A Reunion of Ghosts by Judith Claire Mitchell is one of the best novels that I’ve read in years. A wry black comedy, it begins in 1999 and is the story of the 40-ish Alter sisters: Lady, Vee and Delph, who share an apartment on New York’s upper East Side. But it’s also the story of four generations of the Alter family, beginning with their great-grandfather, a brilliant German chemist who invented chlorine gas, among other terrible things. Tragedies have occurred in each generation, leaving the Alter sisters to conclude that there is only one solution that will break the curse. It’s deftly written, rich and intelligent, the humor witty and razor-sharp, and I highly recommend it. Recommended by Rochelle.

Exposure Cover Image
Posted on Wednesday, August 17, 2016

Helen Dunmore’s newest novel is a beautiful tribute to the sweet comfort of home, to the fierce focus of mother love, and to the random risks and dangers that we are all exposed to.  She writes about the year 1960 in London, the cold war is in full cry and Dunmore describes everyday life with telling details: muddy galoshes, gold cuff links, the smells of primary school children and the sound of a train coming down the track.

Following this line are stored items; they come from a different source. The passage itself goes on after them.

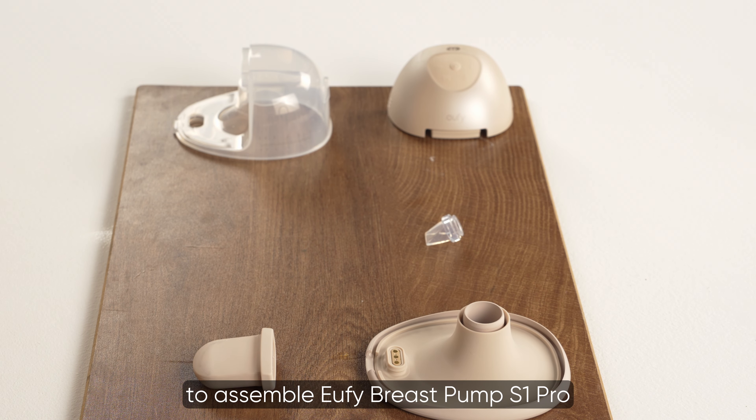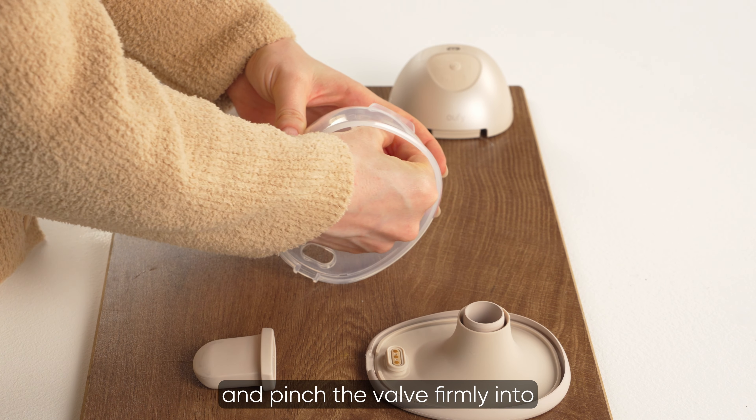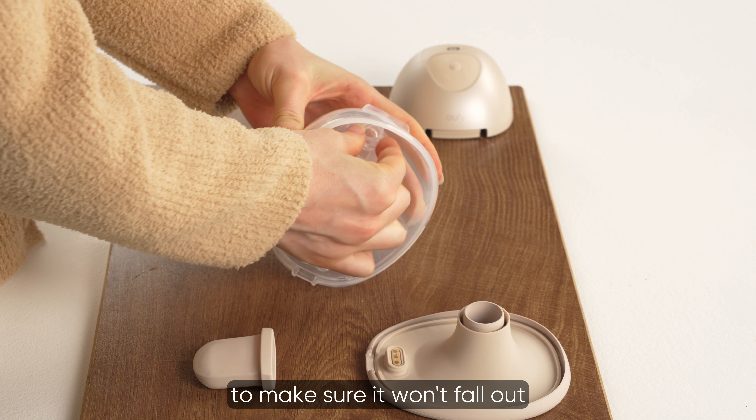There are four steps to assemble Eufy Breast Pump S1. Hold the container bottom and pinch the valve firmly into the hole inside the container to make sure it won't fall out.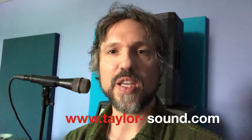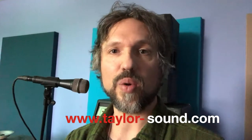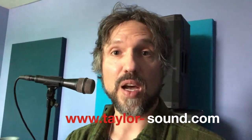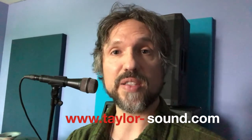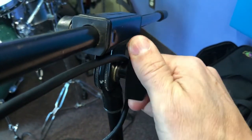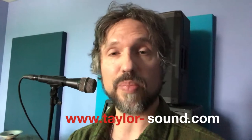Hey, Perry here. Taylor Sound tip of the day. This tip is for singers who are going to sing in a performance and are using the club's microphone stands. My tip is to take 30 seconds and tighten all of the collars and the joints, all of the extenders, so that the microphone stand is completely solid while you're up there on stage.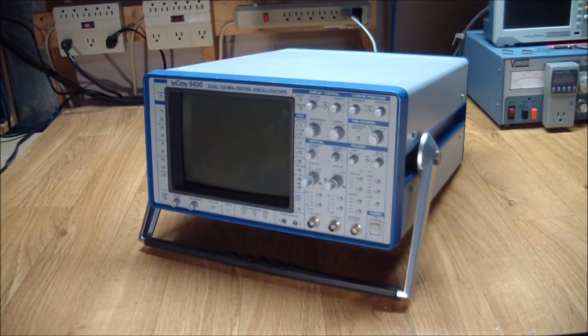Greetings! This is Artie from Artifact Electronics. In this episode we'll be having a look at an oscilloscope.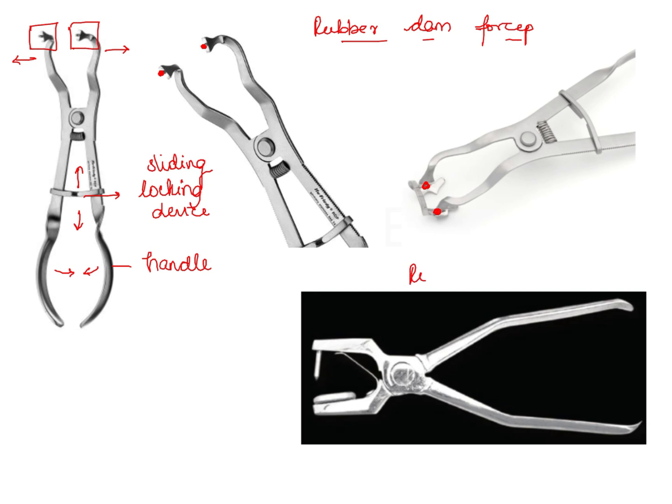We should also know another instrument — the rubber dam punch — and we should never get confused between rubber dam forceps and rubber dam punch. In the case of rubber dam punch, you can see there is a plunger with a pointed tip and a wheel on the other working end, and it is used to make clean punch holes in the rubber dam sheet. This is how a rubber dam punch looks versus a rubber dam forceps, and you can easily identify a forcep by the working end design — the projection at the two working ends, the locking slide, and the handle.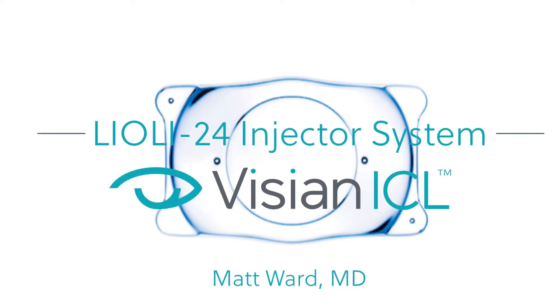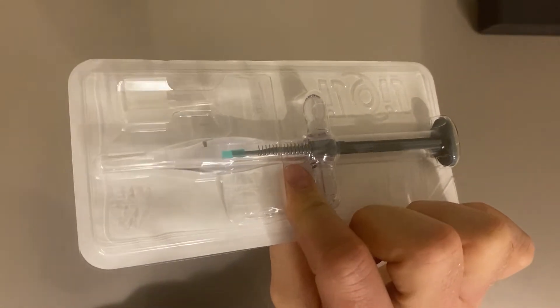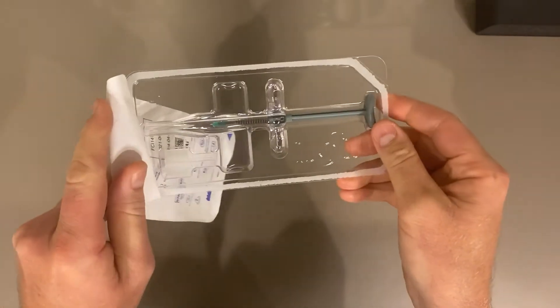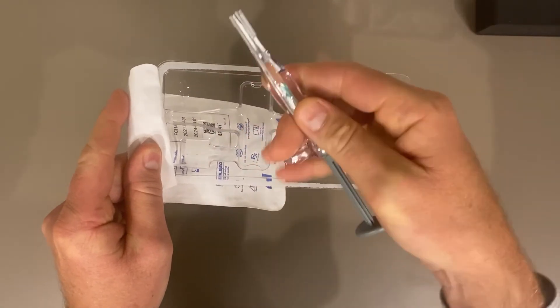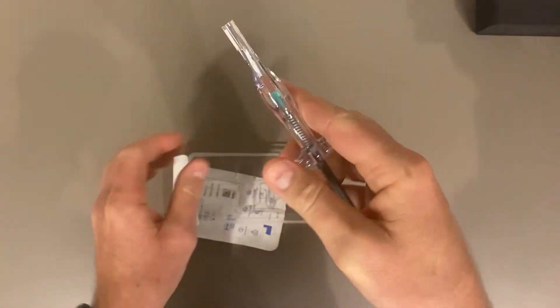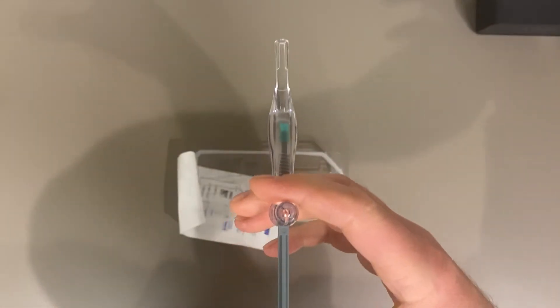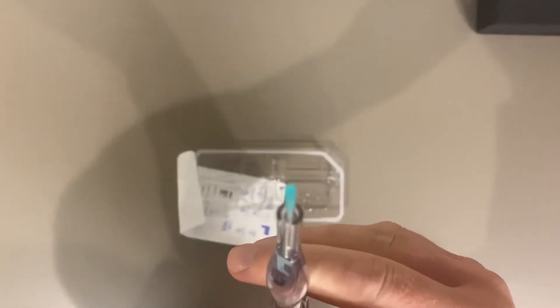This is Dr. Matt Ward and I'm going to show you how I use the Lioli 24 injector system for Vizien ICL surgery. This product is by AST and I have no financial interest. The Lioli 24 injector system is a well-designed, ergonomic, closed system type injector that utilizes an inner coating in the cartridge they call Lubromatrix. Lubromatrix is supposed to lower the coefficient of friction in wet environments and produce a nice gliding action with very little friction or low chance of damage to the IOL.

Some of the characters in this elegant novel are caught up in a web of spying.  But the real story is the steadfast competence and wisdom of a young German Jewish immigrant woman, Lily Callington, who is the mother of three children and wife of Simon, a mid-level bureaucrat working for the Admiralty.  Dunmore tells the story from four different points of view: Lily, Simon, Paul, their 10 year old son, and Giles, an old friend and colleague of Simon’s. Lily has buried her knowledge of the German language and her visceral fear from those days, and carries on as a quick-witted and observant wife and mother. As her story unfolds, with threats to her home and family encircling her, you will be completely enthralled.  This is far and away my favorite novel of the year.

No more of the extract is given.